Try it
Keeping every word the same, give again only the lines from the one with "Plus Size Women" through the end of the data, both included, and leave every picture out.

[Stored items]

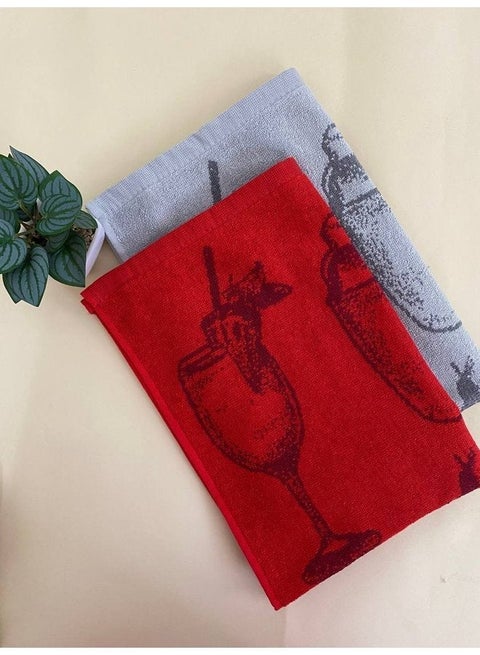Kitchen towel set, 2 pieces ,2 colors, red grey, high absorbency, size 45*65 cm, 100% cotton, practical and easy to clean.
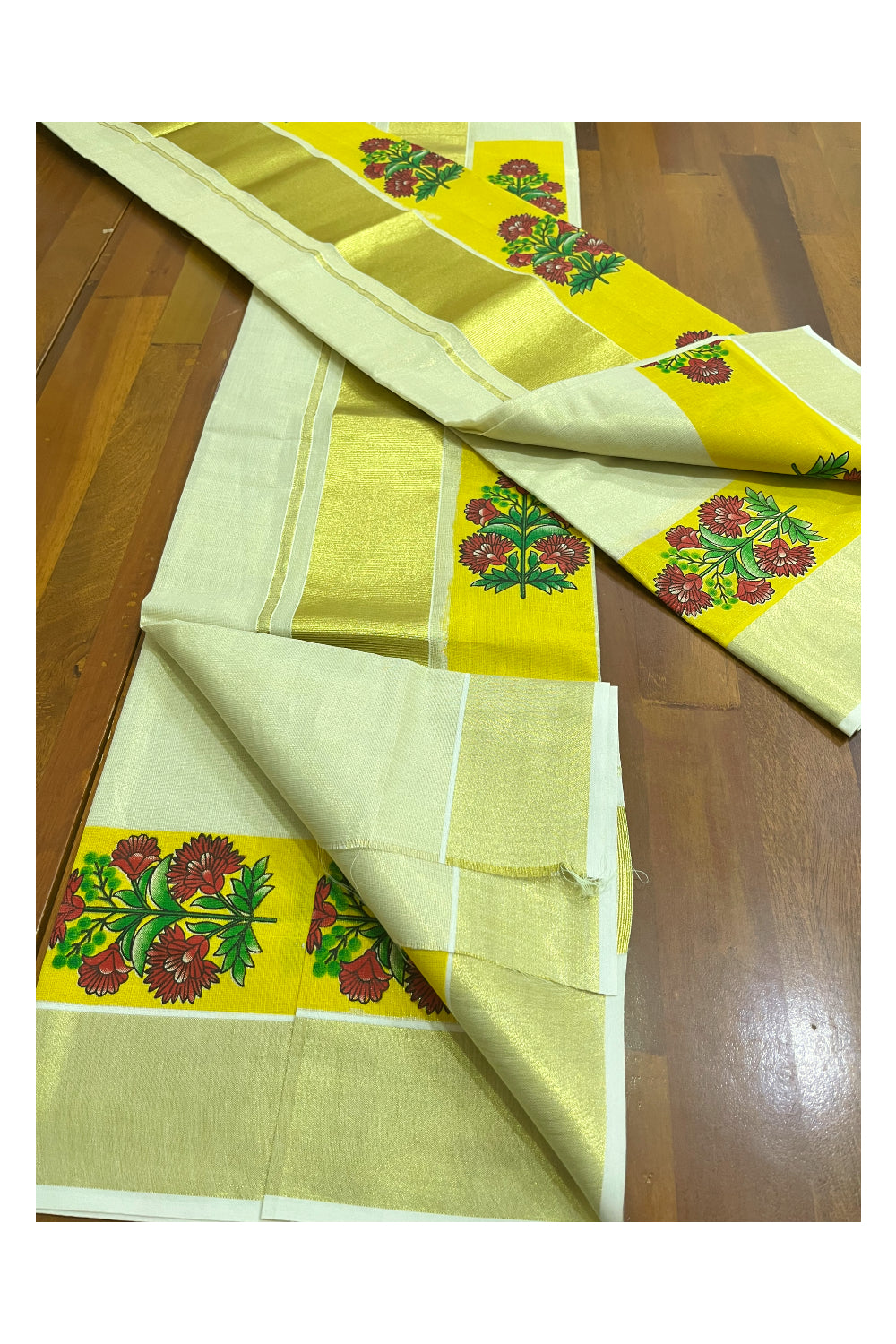 Kerala Tissue Single Set Mundu (Mundum Neriyathum) with Red Floral Block Prints in Yellow Border 2.80 Mtrs (Onam 2024 Collection)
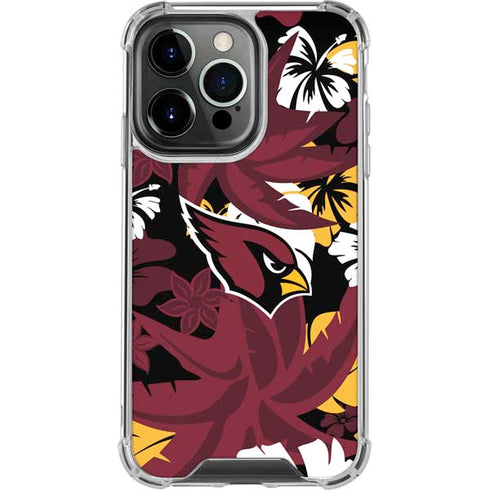 NFL Arizona Cardinals Tropical Print iPhone 16 Pro Max Clear Case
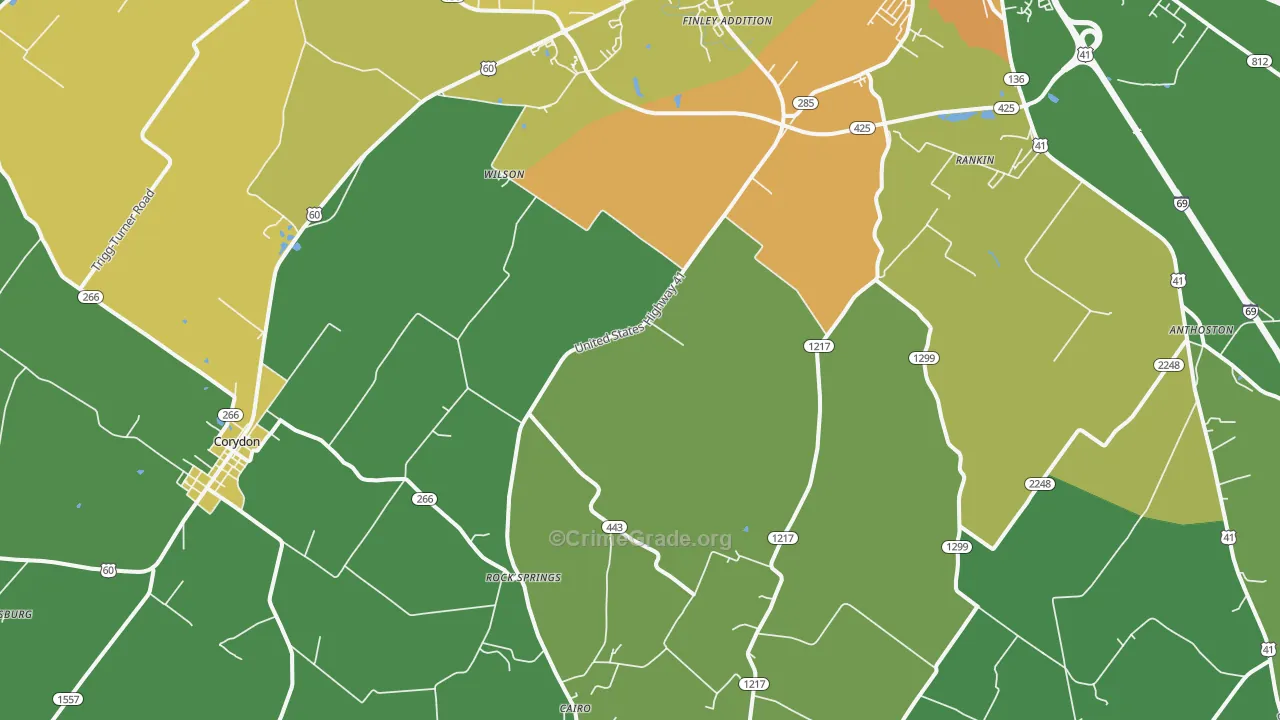 Baskett, KY Map of Murder Rates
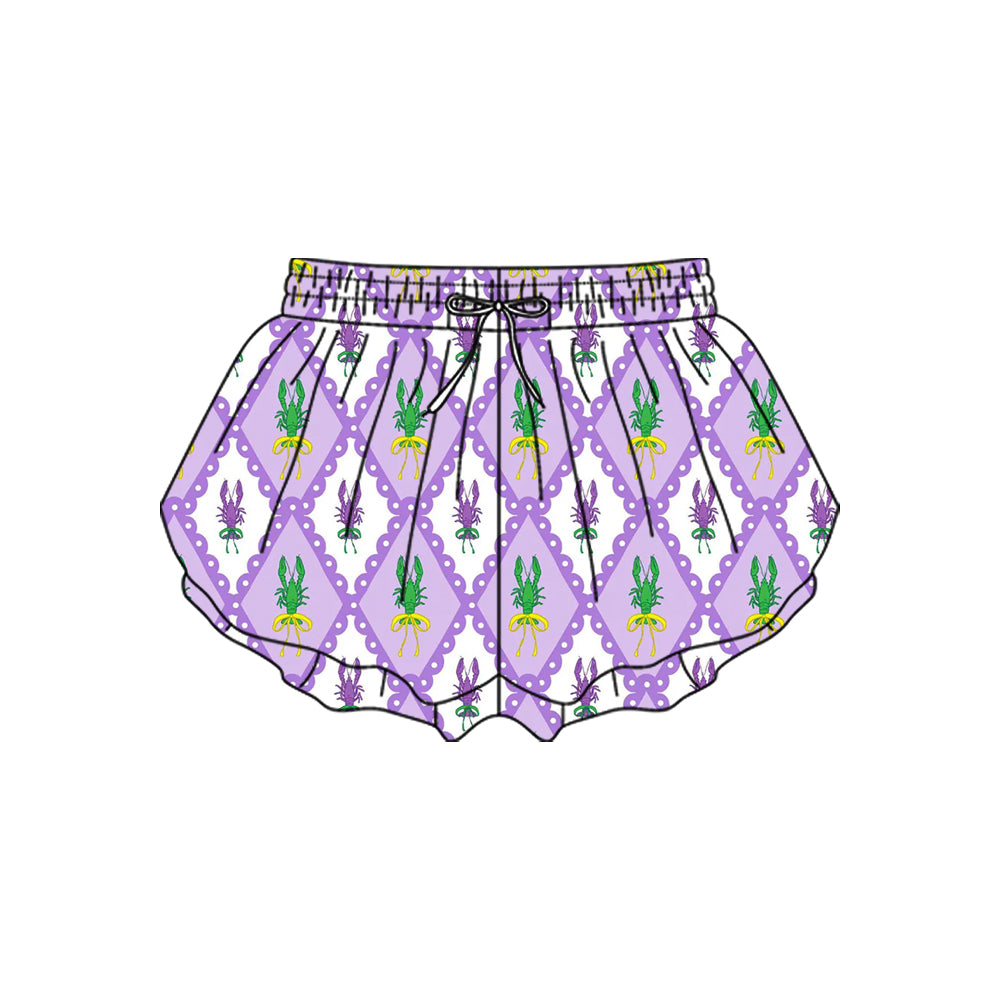 Pre order mardi gras athletic girl shorts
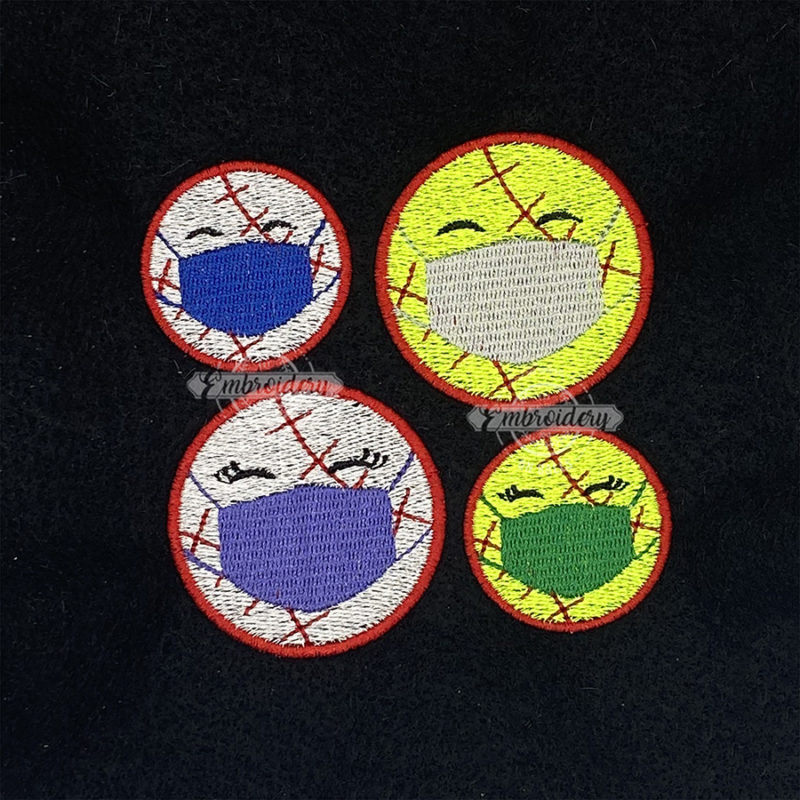 Baseball Softball with Face Mask Design - Mini Machine Embroidery Design - Image 2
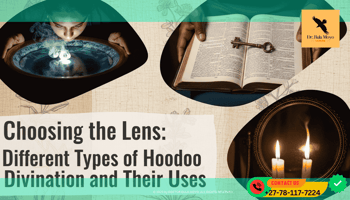 A collage showing a person peering into a bowl of blue-tinted water, a hand holding a Bible with a key protruding from it, and a lit candle reflecting in a mirror.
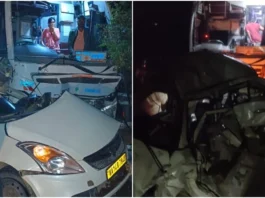 கார் மீது மோதியபஸ் – 3 பேர் சாவு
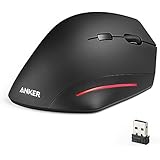Wireless Mouse, Anker Ergonomic USB 2.4G Wireless Vertical Mouse with 3 Adjustable DPI Levels 800 / 1200 / 1600 and Side Controls - Black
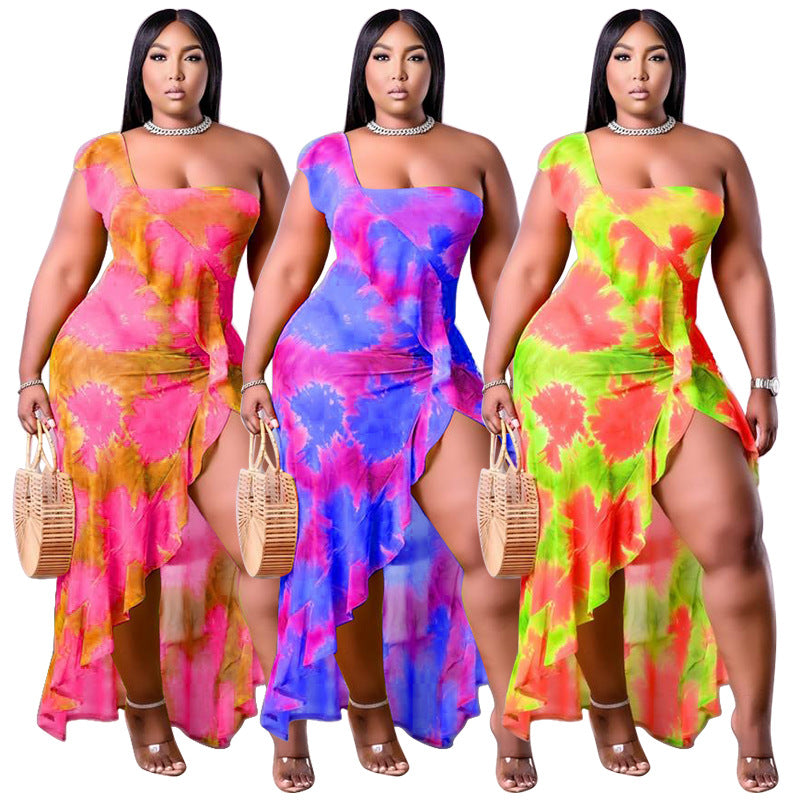 Plus Size Women Clothing Summer Single Sleeve Irregular Asymmetric Printed Flounced Skirt Edge Dress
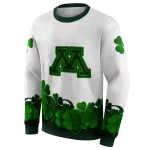 minnesota golden gophers lucky motif white green hoodie best selling
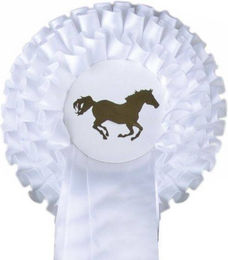 HKM Turnierschleife Dreifachrosette Weiß/Weiß 13 cm – Bild 1 von 1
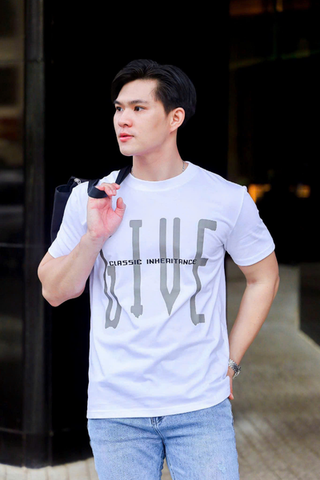 ÁO THUN CỔ TRÒN TRẮNG GIVE- VH003865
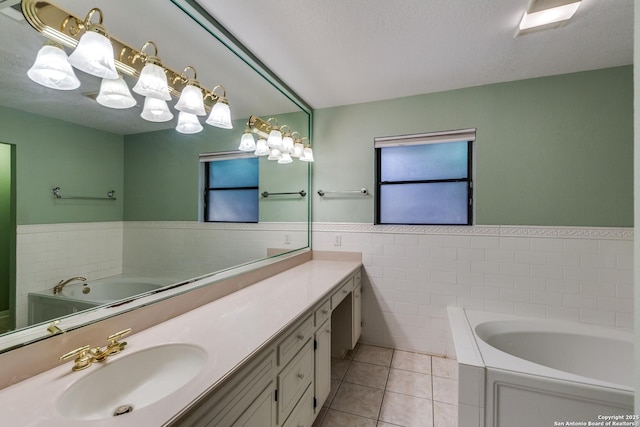 9007 Luzita Ln, San Antonio, TX 78230 - full bathroom with tile walls, tile patterned floors, a bath, vanity, and a wainscoted wall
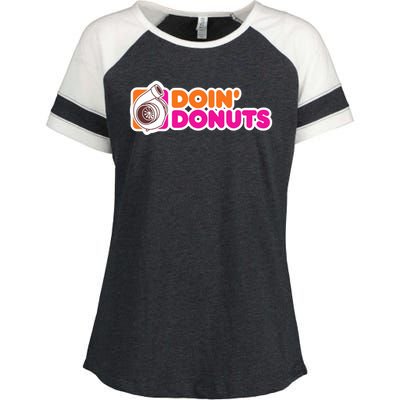 Doin Donuts Racing Fast Car Enza Ladies Jersey Colorblock Tee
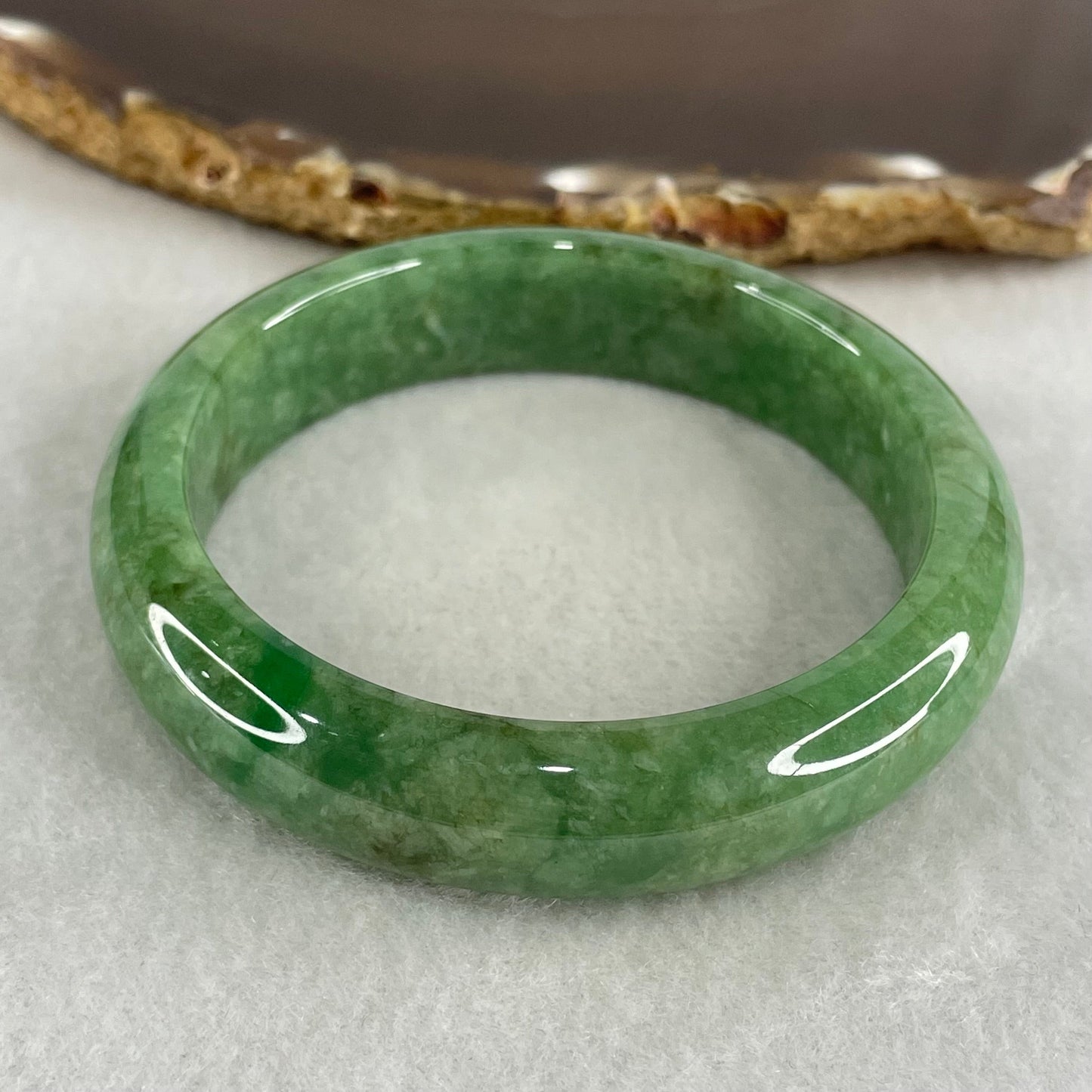 Rare Type A Full Spicy Green Jadeite Bangle 55.95g Inner Diameter 55.2mm 13.5 by 7.8mm (Slight Internal Lines)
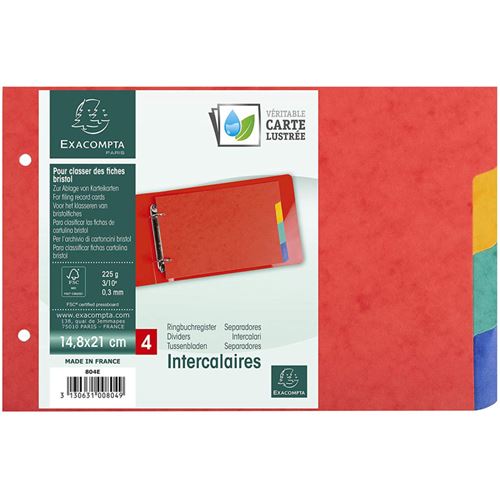 Intercalaires Exacompta Carte Forte 14,8x21cm 4 positions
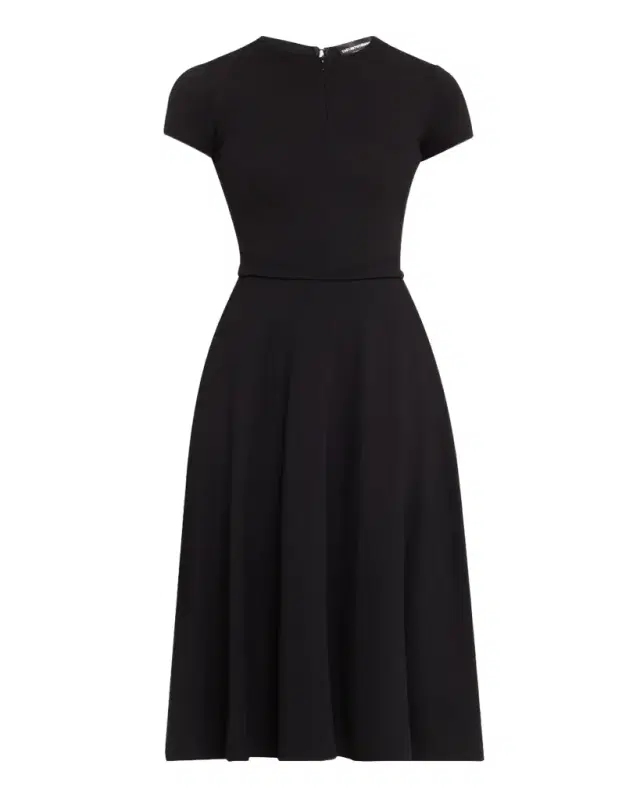 Zip-Front Milano Jersey Midi Dress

Output for this exercise
 Plus Size Women Clothing Summer Single Sleeve Irregular Asymmetric Printed Flounced Skirt Edge Dress
 minnesota golden gophers lucky motif white green hoodie best selling
 HKM Turnierschleife Dreifachrosette Weiß/Weiß 13 cm – Bild 1 von 1
 ÁO THUN CỔ TRÒN TRẮNG GIVE- VH003865
 9007 Luzita Ln, San Antonio, TX 78230 - full bathroom with tile walls, tile patterned floors, a bath, vanity, and a wainscoted wall
 Doin Donuts Racing Fast Car Enza Ladies Jersey Colorblock Tee
 Rare Type A Full Spicy Green Jadeite Bangle 55.95g Inner Diameter 55.2mm 13.5 by 7.8mm (Slight Internal Lines)
 Intercalaires Exacompta Carte Forte 14,8x21cm 4 positions
 Zip-Front Milano Jersey Midi Dress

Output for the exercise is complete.